This is a scalability issue, specifically that every cpu on the
return-to-guest path polls the bytes making up do_work.  See below for
my suggestion to fix this.

> +
> +static int schedule_work(struct payload *data, uint32_t cmd, uint32_t timeout);
> +
>  static const char *state2str(int32_t state)
>  {
>  #define STATE(x) [XSPLICE_STATE_##x] = #x
> @@ -61,14 +92,23 @@ static const char *state2str(int32_t state)
>  static void xsplice_printall(unsigned char key)
>  {
>      struct payload *data;
> +    unsigned int i;
>  
>      spin_lock(&payload_lock);
>  
>      list_for_each_entry ( data, &payload_list, list )
> -        printk(" name=%s state=%s(%d) %p using %zu pages.\n", data->name,
> +    {
> +        printk(" name=%s state=%s(%d) %p using %zu pages:\n", data->name,
>                 state2str(data->state), data->state, data->payload_address,
>                 data->payload_pages);
>  
> +        for ( i = 0; i < data->nfuncs; i++ )
> +        {
> +            struct xsplice_patch_func *f = &(data->funcs[i]);
> +            printk("    %s patch 0x%"PRIx64"(%u) with 0x%"PRIx64"(%u)\n",
> +                   f->name, f->old_addr, f->old_size, f->new_addr, f->new_size);
> +        }

For a large patch, this could be thousands of entries.  You need to
periodically process pending softirqs to avoid a watchdog timeout.
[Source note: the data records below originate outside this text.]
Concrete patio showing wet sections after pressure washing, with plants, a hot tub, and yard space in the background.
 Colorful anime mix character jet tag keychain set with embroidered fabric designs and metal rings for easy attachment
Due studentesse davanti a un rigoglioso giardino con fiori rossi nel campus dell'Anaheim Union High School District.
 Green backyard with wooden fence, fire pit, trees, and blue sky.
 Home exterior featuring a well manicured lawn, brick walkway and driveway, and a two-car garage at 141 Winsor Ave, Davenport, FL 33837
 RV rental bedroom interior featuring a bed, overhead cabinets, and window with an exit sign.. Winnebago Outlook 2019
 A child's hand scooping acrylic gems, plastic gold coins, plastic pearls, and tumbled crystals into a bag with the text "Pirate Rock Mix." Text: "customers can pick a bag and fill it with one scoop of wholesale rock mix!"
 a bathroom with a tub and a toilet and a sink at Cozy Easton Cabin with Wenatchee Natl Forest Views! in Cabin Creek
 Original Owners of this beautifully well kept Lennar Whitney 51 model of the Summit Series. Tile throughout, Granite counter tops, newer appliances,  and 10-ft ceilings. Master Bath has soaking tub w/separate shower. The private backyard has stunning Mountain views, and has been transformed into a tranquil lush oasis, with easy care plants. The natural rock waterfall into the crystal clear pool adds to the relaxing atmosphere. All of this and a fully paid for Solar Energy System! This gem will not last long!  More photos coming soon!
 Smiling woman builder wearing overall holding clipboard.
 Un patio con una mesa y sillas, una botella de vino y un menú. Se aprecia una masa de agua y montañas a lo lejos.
>  static int load_payload_data(struct payload *payload, uint8_t *raw, ssize_t len)
>  {
>      struct xsplice_elf elf;
> @@ -605,7 +695,14 @@ static int load_payload_data(struct payload *payload, uint8_t *raw, ssize_t len)
>      if ( rc )
>          goto err_payload;
>  
> -    /* Free our temporary data structure. */
> +    rc = check_special_sections(payload, &elf);
> +    if ( rc )
> +        goto err_payload;
> +
> +    rc = find_special_sections(payload, &elf);
> +    if ( rc )
> +        goto err_payload;
> +
>      xsplice_elf_free(&elf);
>      return 0;
>  
> @@ -617,6 +714,253 @@ static int load_payload_data(struct payload *payload, uint8_t *raw, ssize_t len)
>      return rc;
>  }
>  
> +
> +/*
> + * The following functions get the CPUs into an appropriate state and
> + * apply (or revert) each of the module's functions.
> + */
> +
> +/*
> + * This function is executed having all other CPUs with no stack (we may
> + * have cpu_idle on it) and IRQs disabled. We guard against NMI by temporarily
> + * installing our NOP NMI handler.
> + */
> +static int apply_payload(struct payload *data)
> +{
> +    unsigned int i;
> +
> +    printk(XENLOG_DEBUG "%s: Applying %u functions.\n", data->name,
> +           data->nfuncs);
> +
> +    for ( i = 0; i < data->nfuncs; i++ )
> +        xsplice_apply_jmp(data->funcs + i);

In cases such as this, it is better to use data->funcs[i], as the
compiler can more easily perform pointer alias analysis.

> +
> +    list_add_tail(&data->applied_list, &applied_list);
> +
> +    return 0;
> +}
> +
> +/*
> + * This function is executed having all other CPUs with no stack (we may
> + * have cpu_idle on it) and IRQs disabled.
> + */
> +static int revert_payload(struct payload *data)
> +{
> +    unsigned int i;
> +
> +    printk(XENLOG_DEBUG "%s: Reverting.\n", data->name);
> +
> +    for ( i = 0; i < data->nfuncs; i++ )
> +        xsplice_revert_jmp(data->funcs + i);
> +
> +    list_del(&data->applied_list);
> +
> +    return 0;
> +}
> +
> +/* Must be holding the payload_lock. */
> +static int schedule_work(struct payload *data, uint32_t cmd, uint32_t timeout)
> +{
> +    /* Fail if an operation is already scheduled. */
> +    if ( xsplice_work.do_work )
> +        return -EBUSY;
> +
> +    xsplice_work.cmd = cmd;
> +    xsplice_work.data = data;
> +    xsplice_work.timeout = timeout ? timeout : MILLISECS(30);

Can shorten to "timeout ?: MILLISECS(30);"

> +
> +    printk(XENLOG_DEBUG "%s: timeout is %"PRI_stime"ms\n", data->name,
> +           xsplice_work.timeout / MILLISECS(1));
> +
> +    atomic_set(&xsplice_work.semaphore, -1);
> +    atomic_set(&xsplice_work.irq_semaphore, -1);
> +
> +    xsplice_work.ready = 0;
> +    smp_wmb();
> +    xsplice_work.do_work = 1;
> +    smp_wmb();
> +
> +    return 0;
> +}
> +
> +/*
> + * Note that because of this NOP code the do_nmi is not safely patchable.
> + * Also if we do receive 'real' NMIs we have lost them.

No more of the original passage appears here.